The D segment—mid-size, to those of you who aren’t automotive product planners—is the car world’s golden heifer. In annual sales terms, this is among the largest classes of vehicles in the United States. “A” grades in the D class are essential for any brand aspiring to sales dominance.
Feeling Hyundai and Ford heat and anxious to thwack perennial mid-size kings Honda (with its Accord) and Toyota (Camry), Chevrolet has a new Malibu poised on the launch ramp for an early 2012 roll-out. Proving that it’s serious about this assault, Chevy has cleared the Malibu’s passport for international travel. The goal is to sell the classically American sedan with the beachy name in 100 countries spanning six continents. Fittingly, then, the Malibu’s introductory hoopla consists of an HD web broadcast concurrent with an unveiling at the Shanghai auto show. GM’s newest mid-size family sedan also will be Chevy’s star attraction at the New York auto show.
Underpinning the new Malibu is an evolved version of GM’s long-running Epsilon architecture, which is found under the Buick Regal, Opel Insignia, and Saab 9-3. The update brings a stiffer body structure, better suspension systems, and more-inviting interior dimensions. While overall length is down half an inch and the wheelbase has been trimmed by 4.5, a 2.7-inch gain in overall width plus 2.5-inch (front) and 2.0-inch (rear) wider track dimensions bring worthwhile gains in hip and shoulder room. The net result is 2.3 additional cubic feet of passenger space, moving Malibu from the bottom to the middle of the mid-size segment. (Passenger volume rises from 97.7 to 100.0 cubic feet, while trunk room rises from 15.1 to 16.3 cubic feet; compared to a maximum of 106.0 cubic feet for passengers and 14.7 cubic feet for cargo in the Accord.) To minimize the inevitable weight gain associated with a wider, better-equipped Malibu, GM engineers specified high-strength or ultra-high-strength steel for two-thirds of the unibody.
A rubber-isolated front cradle supports the powertrain, electrically assisted rack-and-pinion steering, and the lower portion of the strut-type front suspension. In back is a multilink suspension. Vented front and solid rear disc brakes are standard.

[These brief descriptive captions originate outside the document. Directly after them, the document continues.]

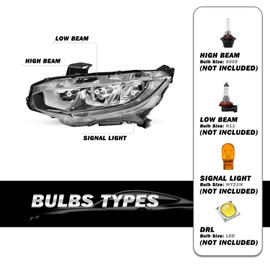 SOCKIR - For 2016-2021 Honda Civic [Halogen Type w/LED DRL] OEM Projector Headlight Headlamp Assembly Replacement Pair (Chrome Housing with Clear Reflector)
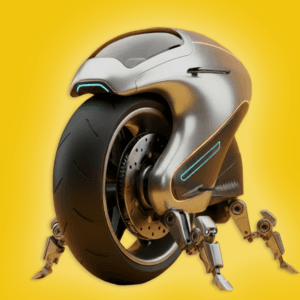 Brand image of a futuristic motorbike symbolising bots and Ai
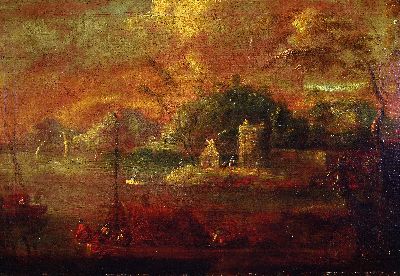 Unbekannter Künstler des 18. Jh., Fischerboote auf einem See, am Ufer ein Turm und eine Bauernkate, Öl/Lwd/Malkarton, ca. 42x60cm, R. ca. 53x72cm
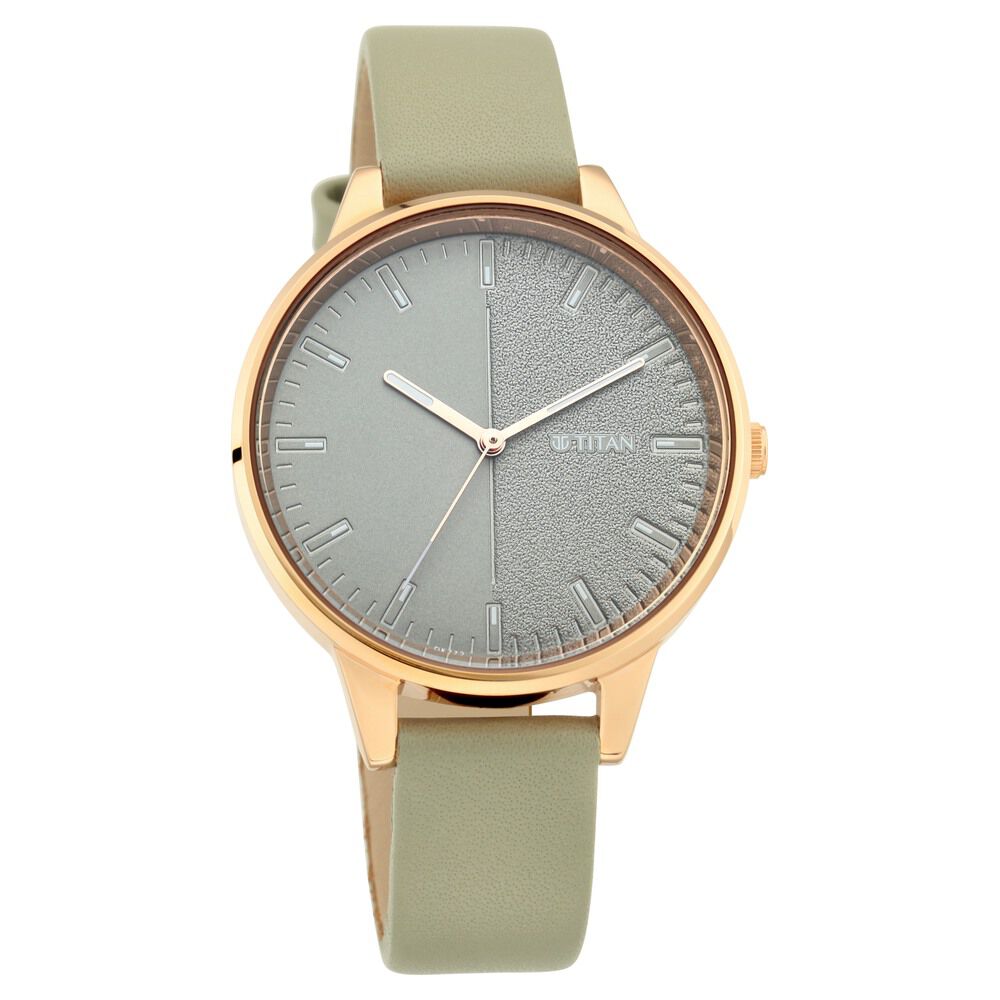 Titan Women's Precision Simplicity Watch: Green Gradient Dial with Leather Strap NS2648WL01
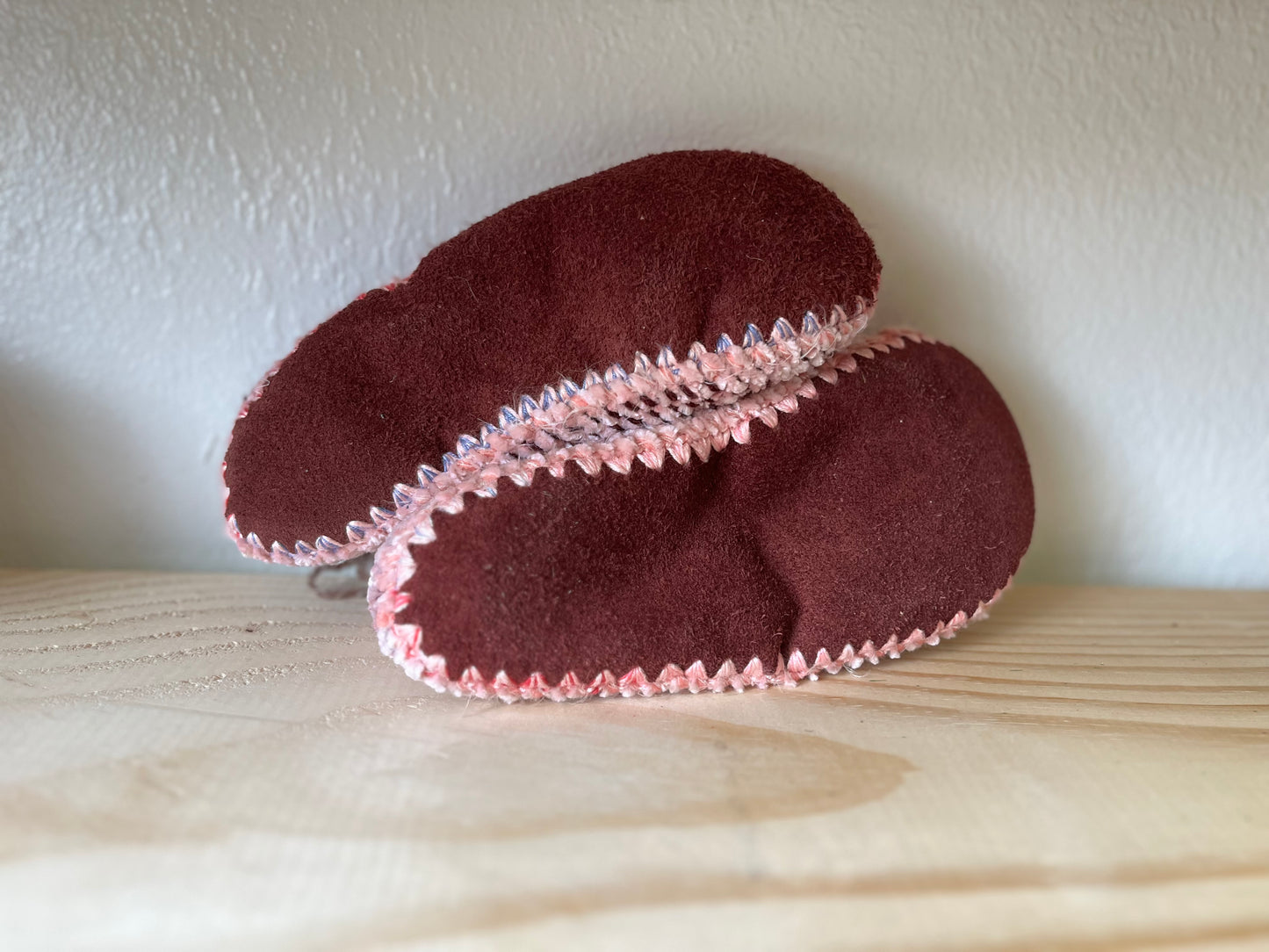 Cozy Crochet, Leather Bottom, Sheepskin Slippers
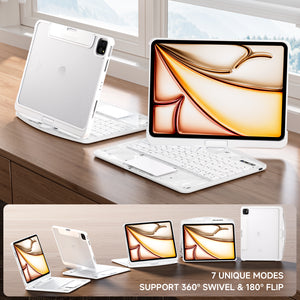 Transparent White Mechanical Style iPad Keyboard Case – 360° Rotatable,7-Color Backlight,Multi-Touch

The state of powertrain affairs is best described as give and take. Anticipating intense interest in maximum gas mileage, Chevy will offer no V-6. There is an all-new, dual-overhead-cam 2.5-liter Ecotec four-cylinder boasting aluminum-block-and-head construction, direct fuel injection, balance shafts, and variable intake- and exhaust-valve timing. While calibrations aren’t final, Malibu chief engineer Mark Moussa says to expect about 190 hp, 180 lb-ft of torque, sub-eight-second 0-to-60-mph acceleration, and an EPA highway mileage rating comfortably over 30 mpg. He also revealed that space has been saved for hybrid equipment—the eAssist system would be an easy drop-in—and that at least one other four-cylinder engine is coming. Our guess is that the Malibu’s upgrade engine will be the Buick Regal’s turbocharged 2.0-liter Ecotec, which produces 220 hp. A six-speed automatic transaxle with engineering changes aimed at quicker shifts, improved efficiency, and superior smoothness is standard.
The new Malibu’s evolutionary exterior is conservatively elegant. A more prominent grille, a subtly creased hood, and the decklid’s neatly integrated spoiler are the main visual attractions. Projector headlights and Camaro-like dual-element LED taillights merge the Malibu into the fashion mainstream. Extensive wind-tunnel work has yielded a drag coefficient near the Volt’s 0.28 figure, according to Chevrolet. Various five-spoke wheels ranging from 17 to 19 inches in diameter will be offered.